Texte et photos par Olivier Merlet
19h30 - Place de la République à Erevan. Ils ne sont encore que deux ou trois cents devant les portes du palais du gouvernement, mais ils arrivent, peu à peu, inexorablement. C'est un rassemblement spontané. Pas des manifestants en ordre de bataille : de simples citoyens, tristes et écœurés par ce qui s'est passé cet après-midi , l'attaque massive de l'Azerbaïdjan sur le Karabagh. Ils ont peur aussi. Beaucoup ont de la famille là-bas, coincée sous les tirs intenses d'artillerie à Stepanakert, à Martuni, Martakert, Askeran ou dans les villages près de Shushi. De nombreuses positions sont déjà tombées, mais les zones résidentielles ont aussi été largement touchées. On rapportait hier soir le chiffre de vingt-sept morts, des civils, dont au moins deux enfants. Les pertes militaires ne sont pas annoncées, « de très nombreux morts », soupire-t-on de groupes en groupes.
Sur les marches du palais du gouvernement, adossés au triple cordon de police qui protège le bâtiment, des militants politiques ont pris la parole, et la manifestation à leur compte. Ils haranguent la foule. On reconnait Andranik Tevanyan, sympathisant notoire de Robert Kocharyan qui hurle dans un haut-parleur. Deux ou trois autres figures moins connues de l'opposition sont à ses côtés. La tension monte au fur et à mesure que se massent la foule. Nikol traître ! », « Nikol, démission ! ».
À 20h15, la place de la République est déjà pleine aux trois quarts. Elle est bouclée : des voitures de police et même des bancs ont été installés en travers des rues adjacentes pour bloquer la circulation, mais les piétons continuent de passer. Le rassemblement est dense, les meetings lors des élections du printemps 2021 n'avaient pas rassemblé autant de monde.
À l'avant, tout à coup, un homme s'en prend à un policier, violemment, les deux hommes n'en viennent pas aux mains mais s'invectivent violemment. Une bouteille d'eau traverse la foule et atterrit sur le cordon de sécurité, puis deux, puis trois, puis des dizaines. Simultanément, les manifestants poussent et poussent encore, toujours aux même cris de colère. Le mouvement est ample, puissant, il entraîne avec lui d'autres personnes qui tentent en vain de s'en dégager. L'assaut est donné, celui de la foule. Les forces de l'ordre semblent prises de cours, acculées contre les portes vitrées mais pas encore débordées. Elles parviennent à repousser cette première vague qui se reforme en reculant et repart de plus belle, un peu plus forte.
À la troisième tentative, une explosion. Une grenade de désencerclement vient d'être tirée. Les assaillants sont brièvement désorganisés mais se reforment vite et reprennent leur poussée. Deuxième tir de grenade, même résultat.

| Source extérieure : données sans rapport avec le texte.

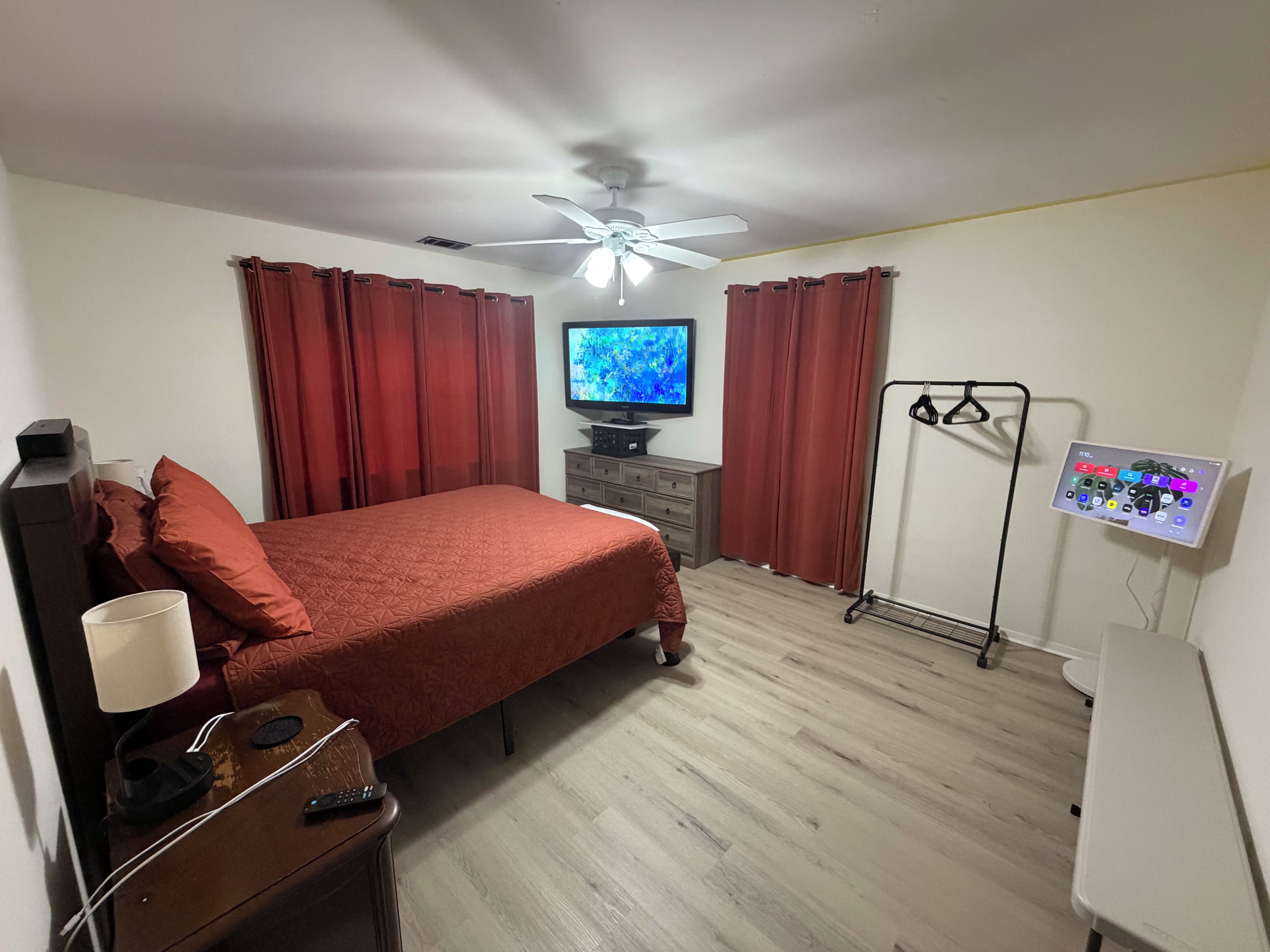 A bedroom with a bed, a television, a ceiling fan, a dresser, and a wall-mounted charging station.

En réponse aux tirs des forces de l'ordre, ce sont maintenant des pierres qui remplacent les bouteilles d'eau. Les manifestants les trouvent au pied des arbres qui bordent le trottoir. Un policier est pris à parti, deux hommes s'accrochent à son treillis et tentent de le tirer à eux par ses vêtements. Ses collègues le retiennent, il est soulevé de terre. Un photographe est touché à la tête, heureusement sans gravité, mais les blessures au cuir chevelu sont toujours impressionnantes, il a la joue couverte de sang. Un bilan communiqué ce matin fera état de 42 blessés légers, 16 policiers et 26 participants au rassemblement.
L'assaut a pris fin à 21 heures, il aura duré près de quarante-cinq minutes. Quatre grenades au total auront été tirées, l'une d'entre elle au beau milieu de cette foule remontée qui n'a pu parvenir à ses fins. Des renforts de police sont arrivés et le barrage policier s'est reconstitué devant les marches du palais du gouvernement, cette fois protégé d'une rangée de "CRS" locaux, casqués et armés de boucliers. Sur l'un d'eux, on remarque un petit autocollant du drapeau d'Arstsakh…
Les forces de l'ordre ont négocié avec les leaders de la manifestation l'installation d'une voiture-tribune au milieu de la place, bien éloignée du siège du pouvoir arménien. Les orateurs promettent qu'ils vont y passer la nuit et ne lèveront le camp qu'à la démission du Premier ministre. Un nouveau rassemblement est prévu pour ce soir à 19h30.